*** Block opens ***

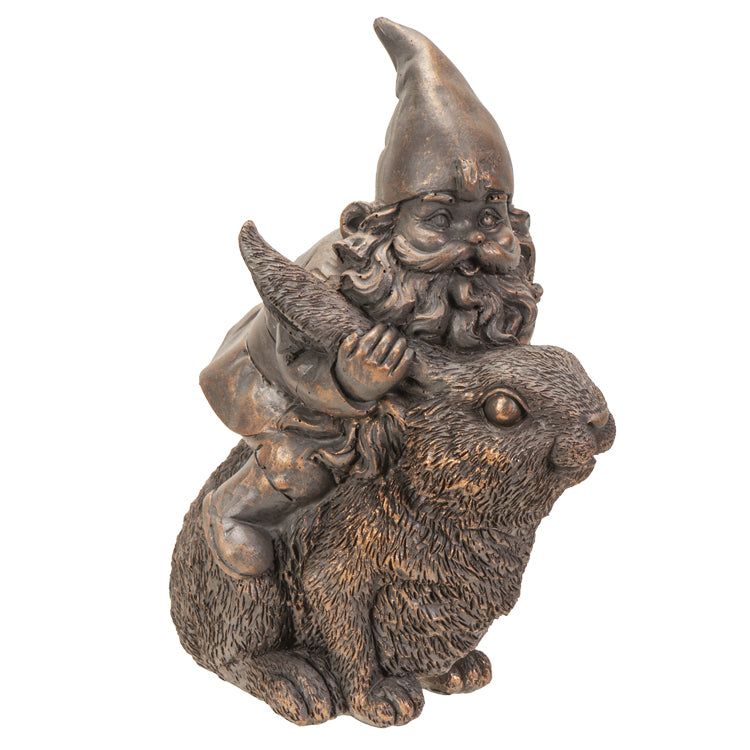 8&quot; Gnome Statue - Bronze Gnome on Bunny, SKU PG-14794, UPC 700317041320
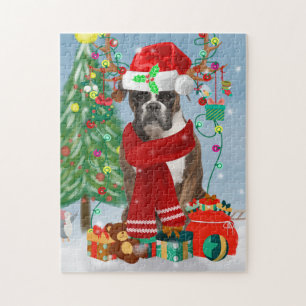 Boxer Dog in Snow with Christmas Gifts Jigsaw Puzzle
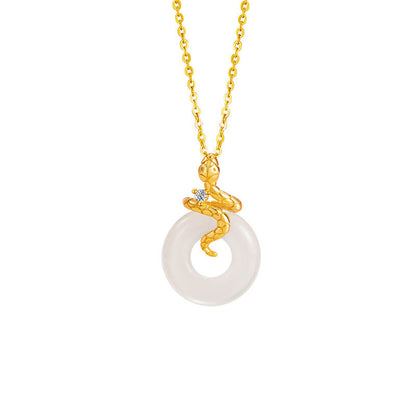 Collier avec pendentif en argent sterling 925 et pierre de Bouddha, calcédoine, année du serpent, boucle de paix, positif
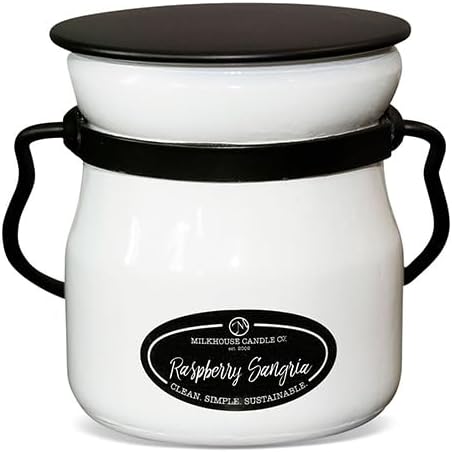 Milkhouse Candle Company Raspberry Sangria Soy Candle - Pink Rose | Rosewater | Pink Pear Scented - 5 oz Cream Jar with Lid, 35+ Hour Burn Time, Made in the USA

*** Block closes ***

▸ **Task details**
Exactly repeat the material from its first line through the line with "Collier avec pendentif", including both, and leave the pictures and everything else out.

▸ **Solution to this task**
 8&quot; Gnome Statue - Bronze Gnome on Bunny, SKU PG-14794, UPC 700317041320
 Boxer Dog in Snow with Christmas Gifts Jigsaw Puzzle
 Collier avec pendentif en argent sterling 925 et pierre de Bouddha, calcédoine, année du serpent, boucle de paix, positif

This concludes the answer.